Menurutnya istilah SP3 terhadap kasus kliennya mengesankan bahwa status hukum Sukmawati sama dengan Rizieq yang sudah ditetapkan tersangka sebelum akhirnya kepolisian menerbitkan SP3.
"SP3 itu mengesankan bahwa status Ibu Sukma itu sama dengan Rizieq Shihab, sama-sama tersangka yang penyidikannya dihentikan. Jelas ini merugikan Ibu Sukma dan penegakan hukum yang jadi kacau dengan penyebutan istilah-istilah itu," kata Petrus.

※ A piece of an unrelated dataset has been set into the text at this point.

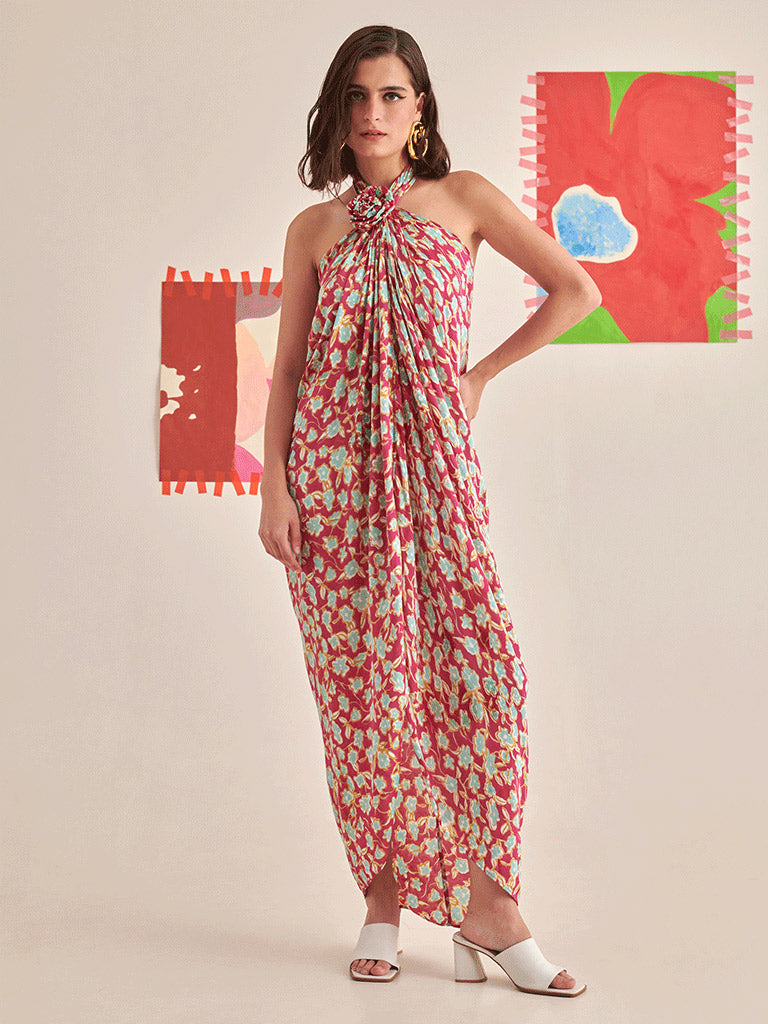 Floral Halter Neck Draped Dress DRESSES Khajoor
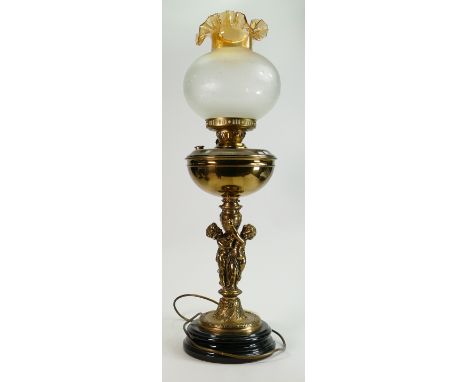 Large decorative brass Oil lamp: Electric conversion, featuring children playing to central column, height to top of shade 70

Petrus juga menambahkan, kepolisian yang mempublikasikan penghentian penyelidikan dalam kasus kliennya dan menerbitkan SP3 kasus Rizieq menimbulkan wacana yang beredar soal barter atau kompromi antara pihak Sukmawati yang pernah melaporkan Rizieq karena diduga menodai Pancasila beberap waktu lalu di Jawa Barat.
"Nah tetapi kenapa ini harus diekspose, dipublikasikan dengan waktu yang hampir bersamaan dengan SP3 Rizieq, kesan publik itu ini ada barter, ini ada kompromi. Ini yang kita tidak mau," kata Petrus.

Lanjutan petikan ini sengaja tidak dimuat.